Burdekin graziers profit from Grazing Best Management Practices program
Increasing international demand for high-quality beef means that the northern Australian beef industry can – and should have – a bright future.
That’s the view of beef producer Simone Howard, of Woontonvale, near Guthalungra, awarded accredited producer status after completing a Grazing BMP audit with NQ Dry Tropics in Feburary. Mrs Howard said a key strength of the beef industry was its disease free, clean, green image.
“Showcasing good practices and sustainability is becoming more important to meet changing expectations of our consumers, and one of the best ways we can do that is through the Grazing BMP program,” Mrs Howard said.
“Being Grazing BMP accredited also provides an opportunity to educate our consumers about how we run our business. The majority of graziers are committed to best practice and are keen to present a real and accurate picture of grazing to the public,” she said.
Grazing BMP assists producers to improve their long term productivity, profitability and sustainability in the areas of grazing land management, soil health, animal health and welfare, animal production, and people and business.

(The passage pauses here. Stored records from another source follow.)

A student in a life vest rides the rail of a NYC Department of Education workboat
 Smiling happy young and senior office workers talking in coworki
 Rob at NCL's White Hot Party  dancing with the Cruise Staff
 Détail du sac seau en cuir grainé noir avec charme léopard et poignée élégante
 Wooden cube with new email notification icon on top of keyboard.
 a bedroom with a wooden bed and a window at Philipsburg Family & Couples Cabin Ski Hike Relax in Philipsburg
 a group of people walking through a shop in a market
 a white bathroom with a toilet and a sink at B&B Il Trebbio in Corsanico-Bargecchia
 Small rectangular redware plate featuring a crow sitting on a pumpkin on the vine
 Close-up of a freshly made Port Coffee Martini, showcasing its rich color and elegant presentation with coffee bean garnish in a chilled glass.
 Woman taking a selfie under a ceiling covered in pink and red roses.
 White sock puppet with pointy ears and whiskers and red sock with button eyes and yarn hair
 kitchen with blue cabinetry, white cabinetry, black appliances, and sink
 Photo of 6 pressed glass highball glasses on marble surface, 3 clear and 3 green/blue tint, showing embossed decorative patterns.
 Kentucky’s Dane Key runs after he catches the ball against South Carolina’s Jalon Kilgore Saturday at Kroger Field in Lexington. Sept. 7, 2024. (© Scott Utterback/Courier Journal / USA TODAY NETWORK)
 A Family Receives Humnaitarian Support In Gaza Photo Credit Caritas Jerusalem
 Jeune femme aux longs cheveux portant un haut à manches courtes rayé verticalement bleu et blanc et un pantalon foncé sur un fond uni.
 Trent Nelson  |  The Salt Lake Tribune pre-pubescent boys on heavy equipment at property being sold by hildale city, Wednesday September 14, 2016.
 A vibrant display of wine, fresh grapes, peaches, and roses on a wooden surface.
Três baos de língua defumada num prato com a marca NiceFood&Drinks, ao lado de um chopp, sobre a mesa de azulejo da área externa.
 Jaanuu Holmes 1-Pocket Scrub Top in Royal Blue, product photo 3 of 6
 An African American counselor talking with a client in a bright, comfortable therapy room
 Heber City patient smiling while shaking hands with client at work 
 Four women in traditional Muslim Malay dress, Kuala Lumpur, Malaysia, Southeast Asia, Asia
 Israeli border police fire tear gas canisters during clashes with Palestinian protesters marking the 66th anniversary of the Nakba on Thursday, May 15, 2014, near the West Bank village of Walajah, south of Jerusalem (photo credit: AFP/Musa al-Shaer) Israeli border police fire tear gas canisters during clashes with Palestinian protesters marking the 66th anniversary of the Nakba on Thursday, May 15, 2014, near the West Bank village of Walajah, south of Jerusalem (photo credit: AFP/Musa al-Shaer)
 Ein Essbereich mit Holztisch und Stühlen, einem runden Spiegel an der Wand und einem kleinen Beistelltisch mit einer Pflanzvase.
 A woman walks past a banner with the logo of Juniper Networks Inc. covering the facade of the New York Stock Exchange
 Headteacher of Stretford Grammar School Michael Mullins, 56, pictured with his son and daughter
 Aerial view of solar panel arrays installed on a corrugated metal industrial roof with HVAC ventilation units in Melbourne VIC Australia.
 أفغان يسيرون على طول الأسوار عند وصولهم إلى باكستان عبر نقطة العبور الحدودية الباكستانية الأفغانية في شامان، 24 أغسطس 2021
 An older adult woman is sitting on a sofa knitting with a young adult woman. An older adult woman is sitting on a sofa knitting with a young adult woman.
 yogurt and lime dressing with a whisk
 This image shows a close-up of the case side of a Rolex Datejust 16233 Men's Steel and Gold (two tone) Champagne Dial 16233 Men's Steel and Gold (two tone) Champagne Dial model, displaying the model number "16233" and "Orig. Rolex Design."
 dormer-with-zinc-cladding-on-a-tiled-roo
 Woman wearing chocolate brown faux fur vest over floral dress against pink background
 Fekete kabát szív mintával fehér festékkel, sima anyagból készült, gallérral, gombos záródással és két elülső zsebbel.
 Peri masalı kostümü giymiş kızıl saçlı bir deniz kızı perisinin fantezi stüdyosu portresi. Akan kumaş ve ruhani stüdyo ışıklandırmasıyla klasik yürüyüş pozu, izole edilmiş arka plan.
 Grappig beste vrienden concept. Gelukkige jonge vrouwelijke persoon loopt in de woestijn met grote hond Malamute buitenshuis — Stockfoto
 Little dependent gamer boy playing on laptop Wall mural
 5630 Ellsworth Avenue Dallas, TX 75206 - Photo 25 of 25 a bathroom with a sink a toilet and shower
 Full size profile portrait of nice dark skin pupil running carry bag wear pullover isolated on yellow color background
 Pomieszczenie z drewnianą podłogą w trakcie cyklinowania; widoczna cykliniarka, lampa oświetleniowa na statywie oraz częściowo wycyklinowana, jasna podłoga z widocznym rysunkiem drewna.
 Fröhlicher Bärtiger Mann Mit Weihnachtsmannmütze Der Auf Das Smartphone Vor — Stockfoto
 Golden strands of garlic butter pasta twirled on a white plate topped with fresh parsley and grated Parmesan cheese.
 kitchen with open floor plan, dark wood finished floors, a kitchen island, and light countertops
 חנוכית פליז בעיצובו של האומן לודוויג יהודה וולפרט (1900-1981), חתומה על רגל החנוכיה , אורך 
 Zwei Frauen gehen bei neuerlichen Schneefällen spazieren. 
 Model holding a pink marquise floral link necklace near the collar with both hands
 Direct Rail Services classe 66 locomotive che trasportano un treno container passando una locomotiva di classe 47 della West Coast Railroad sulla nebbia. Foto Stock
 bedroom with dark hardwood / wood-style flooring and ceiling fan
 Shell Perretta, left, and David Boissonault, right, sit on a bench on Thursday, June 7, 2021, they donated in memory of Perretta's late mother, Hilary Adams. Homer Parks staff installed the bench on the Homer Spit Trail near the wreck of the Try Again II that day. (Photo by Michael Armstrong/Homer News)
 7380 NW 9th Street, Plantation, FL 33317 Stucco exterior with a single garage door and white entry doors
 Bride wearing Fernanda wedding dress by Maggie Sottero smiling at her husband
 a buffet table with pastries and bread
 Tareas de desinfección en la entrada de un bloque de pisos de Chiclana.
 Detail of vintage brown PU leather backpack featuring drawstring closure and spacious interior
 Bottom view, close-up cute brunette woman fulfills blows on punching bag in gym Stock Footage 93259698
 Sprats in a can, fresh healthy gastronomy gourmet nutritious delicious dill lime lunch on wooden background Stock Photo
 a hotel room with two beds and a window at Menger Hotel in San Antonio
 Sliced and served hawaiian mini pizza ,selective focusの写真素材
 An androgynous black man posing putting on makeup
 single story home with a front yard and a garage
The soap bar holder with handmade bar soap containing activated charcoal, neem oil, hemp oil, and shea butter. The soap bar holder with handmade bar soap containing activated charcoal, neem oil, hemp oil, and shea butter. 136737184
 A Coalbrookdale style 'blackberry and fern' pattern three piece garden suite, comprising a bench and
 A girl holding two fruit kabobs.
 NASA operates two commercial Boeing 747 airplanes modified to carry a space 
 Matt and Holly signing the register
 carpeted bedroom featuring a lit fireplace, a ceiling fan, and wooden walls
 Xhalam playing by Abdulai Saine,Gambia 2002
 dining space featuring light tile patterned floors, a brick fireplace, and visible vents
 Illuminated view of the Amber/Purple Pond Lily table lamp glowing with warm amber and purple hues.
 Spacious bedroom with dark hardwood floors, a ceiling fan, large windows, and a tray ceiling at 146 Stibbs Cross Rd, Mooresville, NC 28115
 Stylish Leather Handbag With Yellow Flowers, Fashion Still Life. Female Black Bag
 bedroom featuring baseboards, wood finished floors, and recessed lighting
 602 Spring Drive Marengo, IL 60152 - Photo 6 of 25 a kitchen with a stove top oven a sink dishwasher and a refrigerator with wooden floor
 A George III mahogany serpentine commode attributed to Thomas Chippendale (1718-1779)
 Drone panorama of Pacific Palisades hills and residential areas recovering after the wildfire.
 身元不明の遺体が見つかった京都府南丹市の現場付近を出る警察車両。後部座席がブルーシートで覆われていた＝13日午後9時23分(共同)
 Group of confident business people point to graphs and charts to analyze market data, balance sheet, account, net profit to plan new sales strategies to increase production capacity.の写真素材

“Going through the audit process enabled us to do a ‘health check up’ on our business. It reminded us to keep sight of the holistic view of the business, and the symbiotic relationship between us and our land,” Mrs Howard said.
“We also wanted to teach the next generation custodians about how and why it’s important to manage our land sustainably, and that we’re all held accountable to do that.
“We have young staff, and four children aged between 17 and 22, they’re young generation graziers. They’re passionate, motivated and skilled, and Grazing BMP teaches them how to benchmark business against best industry standards,” she said.
Grazier Alby Flood, of Junction Creek, has also been awarded accredited producer status, said the process put the spotlight on the whole business.
“To be honest we weren’t that keen at first, but I am very glad we have done it now,” Mr Flood said.
“The audit required us to refine our systems and processes and we are confident that we have put our business in the best possible position going forward to meet whatever challenges we face – be it biosecurity, WHS or Animal Health and Welfare,” he said.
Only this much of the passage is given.